Table 3 The content of the main components in the charge materials. Charge component Content% Fe _commonly Cao SiO ₂ MgO Zno Converter sludge 34.5 13.9 4.13 4.47 2.93 Slag mixture 29.30 33,50 10.88 8.59 0.01 Screening dolomite 2.5 40.95 2,30 30.11 - Scale 70.40 1.93 1,52 0.54 0.02

Received agglomerate with the following average chemical composition,%: Fe _total. - 47.6; FeO - 10.3; CaO 22.26; SiO ₂ - 5.51; MgO - 8.94; ZnO - 0.39; CaO / SiO ₂ - 4.04 units; FeO / MgO - 1.15 units. In the production of agglomerate fluxed with a slag mixture, limestone was saved.

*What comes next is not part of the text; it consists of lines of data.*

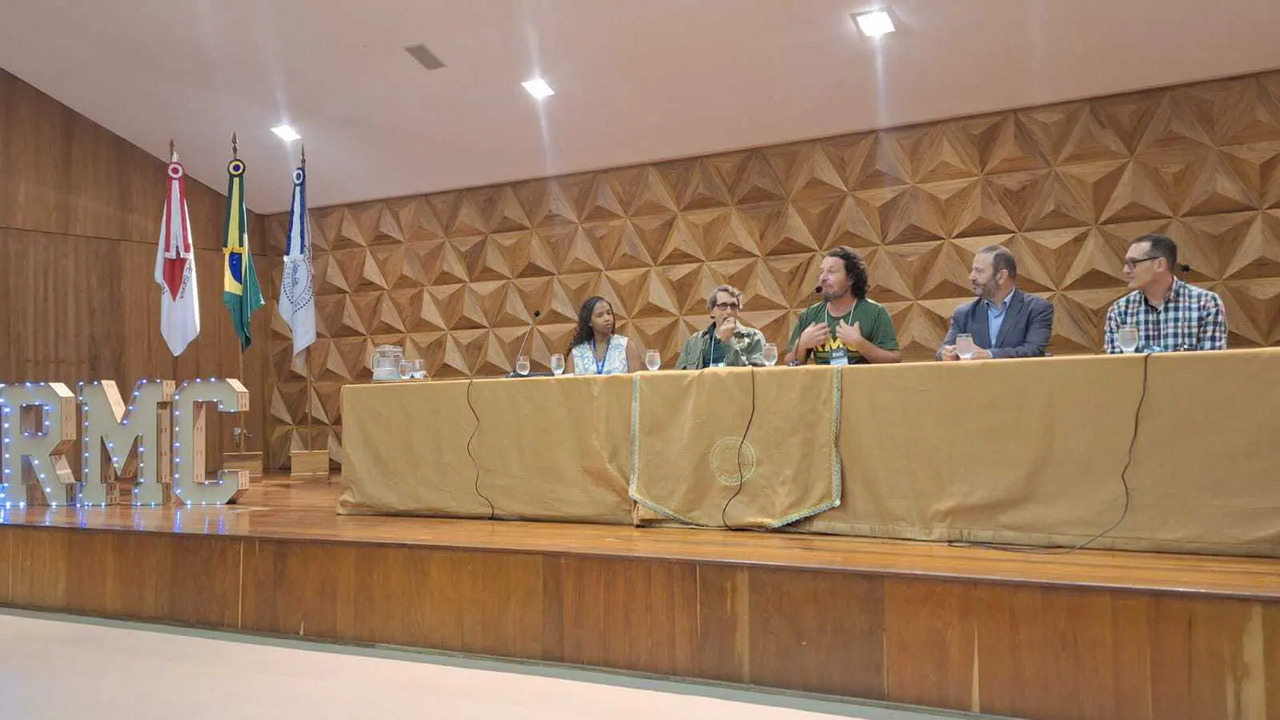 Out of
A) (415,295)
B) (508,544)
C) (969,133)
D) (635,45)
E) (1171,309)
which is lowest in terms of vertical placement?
(508,544)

In comparison with an agglomerate based on a converter slurry containing MgO - 2.9%; FeO - 14.4; FeO / MgO - 4.97 units; CaO / SiO ₂ - 4.04 units, when using calcareous-magnesian sinter obtained in the proposed method in the converter smelting, the overhaul period of the converter lining increased by 39-47 heats. All the resulting zinc-containing sludge, previously sent to dumps, is involved in the redistribution, which improves the ecological situation. The use of agglomerate as an iron-containing slag-forming component and a cooler made it possible to save iron ore, limestone and metal, respectively.

Claims (1)

The method of producing lime-magnesia agglomerate for steelmaking from a mixture containing converter sludge, scale, flux, fuel and return, including dosing, mixing and sintering, characterized in that as a flux, a slag mixture is introduced into the charge together with screening dolomite fraction 0- 10 mm to ensure that the MgO content in the agglomerate is in the range of 6.9-10.5%, and the fuel consumption is set based on obtaining the FeO content in the cake in the range of 7.0-13.0% while maintaining the FeO / MgO ratio therein the range of 0.7-1.9.